What the exercise asks: Everything from the first line below through the line with "Nautical Nursery 3" is to be transcribed exactly, and nothing past it.

Materials provided:
┌──

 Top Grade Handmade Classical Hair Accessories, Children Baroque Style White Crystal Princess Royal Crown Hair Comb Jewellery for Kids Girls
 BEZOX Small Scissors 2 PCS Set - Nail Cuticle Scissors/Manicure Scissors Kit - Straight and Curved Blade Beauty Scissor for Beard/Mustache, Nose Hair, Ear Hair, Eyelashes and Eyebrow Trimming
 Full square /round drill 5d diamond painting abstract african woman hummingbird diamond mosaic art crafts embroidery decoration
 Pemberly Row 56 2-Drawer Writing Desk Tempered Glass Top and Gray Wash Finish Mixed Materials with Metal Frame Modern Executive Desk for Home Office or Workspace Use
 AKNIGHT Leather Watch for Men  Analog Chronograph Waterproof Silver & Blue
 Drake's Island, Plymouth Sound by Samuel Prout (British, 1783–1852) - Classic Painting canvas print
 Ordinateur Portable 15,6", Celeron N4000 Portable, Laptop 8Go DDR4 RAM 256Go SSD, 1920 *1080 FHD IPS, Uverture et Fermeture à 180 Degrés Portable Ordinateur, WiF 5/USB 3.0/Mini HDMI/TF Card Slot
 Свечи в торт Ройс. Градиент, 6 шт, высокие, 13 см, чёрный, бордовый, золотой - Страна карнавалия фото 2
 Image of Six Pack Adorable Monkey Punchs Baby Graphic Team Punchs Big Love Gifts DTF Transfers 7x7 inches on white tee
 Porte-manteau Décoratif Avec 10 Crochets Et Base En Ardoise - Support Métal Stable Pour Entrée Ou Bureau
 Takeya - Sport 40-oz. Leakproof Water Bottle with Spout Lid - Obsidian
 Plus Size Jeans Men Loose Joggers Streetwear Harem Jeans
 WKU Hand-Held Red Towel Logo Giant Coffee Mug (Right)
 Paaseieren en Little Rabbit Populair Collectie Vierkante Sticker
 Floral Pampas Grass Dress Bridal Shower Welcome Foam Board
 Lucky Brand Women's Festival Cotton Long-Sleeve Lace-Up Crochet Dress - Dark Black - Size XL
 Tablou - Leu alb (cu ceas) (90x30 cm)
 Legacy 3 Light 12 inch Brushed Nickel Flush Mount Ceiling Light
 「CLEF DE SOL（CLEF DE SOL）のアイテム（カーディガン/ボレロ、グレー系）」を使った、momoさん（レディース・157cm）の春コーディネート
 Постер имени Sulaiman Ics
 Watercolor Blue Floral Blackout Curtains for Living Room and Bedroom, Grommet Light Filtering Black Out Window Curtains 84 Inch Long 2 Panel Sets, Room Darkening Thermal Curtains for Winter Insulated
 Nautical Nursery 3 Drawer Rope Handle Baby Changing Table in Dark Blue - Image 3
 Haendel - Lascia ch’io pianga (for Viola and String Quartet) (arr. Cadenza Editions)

└──

Response:
 Top Grade Handmade Classical Hair Accessories, Children Baroque Style White Crystal Princess Royal Crown Hair Comb Jewellery for Kids Girls
 BEZOX Small Scissors 2 PCS Set - Nail Cuticle Scissors/Manicure Scissors Kit - Straight and Curved Blade Beauty Scissor for Beard/Mustache, Nose Hair, Ear Hair, Eyelashes and Eyebrow Trimming
 Full square /round drill 5d diamond painting abstract african woman hummingbird diamond mosaic art crafts embroidery decoration
 Pemberly Row 56 2-Drawer Writing Desk Tempered Glass Top and Gray Wash Finish Mixed Materials with Metal Frame Modern Executive Desk for Home Office or Workspace Use
 AKNIGHT Leather Watch for Men  Analog Chronograph Waterproof Silver & Blue
 Drake's Island, Plymouth Sound by Samuel Prout (British, 1783–1852) - Classic Painting canvas print
 Ordinateur Portable 15,6", Celeron N4000 Portable, Laptop 8Go DDR4 RAM 256Go SSD, 1920 *1080 FHD IPS, Uverture et Fermeture à 180 Degrés Portable Ordinateur, WiF 5/USB 3.0/Mini HDMI/TF Card Slot
 Свечи в торт Ройс. Градиент, 6 шт, высокие, 13 см, чёрный, бордовый, золотой - Страна карнавалия фото 2
 Image of Six Pack Adorable Monkey Punchs Baby Graphic Team Punchs Big Love Gifts DTF Transfers 7x7 inches on white tee
 Porte-manteau Décoratif Avec 10 Crochets Et Base En Ardoise - Support Métal Stable Pour Entrée Ou Bureau
 Takeya - Sport 40-oz. Leakproof Water Bottle with Spout Lid - Obsidian
 Plus Size Jeans Men Loose Joggers Streetwear Harem Jeans
 WKU Hand-Held Red Towel Logo Giant Coffee Mug (Right)
 Paaseieren en Little Rabbit Populair Collectie Vierkante Sticker
 Floral Pampas Grass Dress Bridal Shower Welcome Foam Board
 Lucky Brand Women's Festival Cotton Long-Sleeve Lace-Up Crochet Dress - Dark Black - Size XL
 Tablou - Leu alb (cu ceas) (90x30 cm)
 Legacy 3 Light 12 inch Brushed Nickel Flush Mount Ceiling Light
 「CLEF DE SOL（CLEF DE SOL）のアイテム（カーディガン/ボレロ、グレー系）」を使った、momoさん（レディース・157cm）の春コーディネート
 Постер имени Sulaiman Ics
 Watercolor Blue Floral Blackout Curtains for Living Room and Bedroom, Grommet Light Filtering Black Out Window Curtains 84 Inch Long 2 Panel Sets, Room Darkening Thermal Curtains for Winter Insulated
 Nautical Nursery 3 Drawer Rope Handle Baby Changing Table in Dark Blue - Image 3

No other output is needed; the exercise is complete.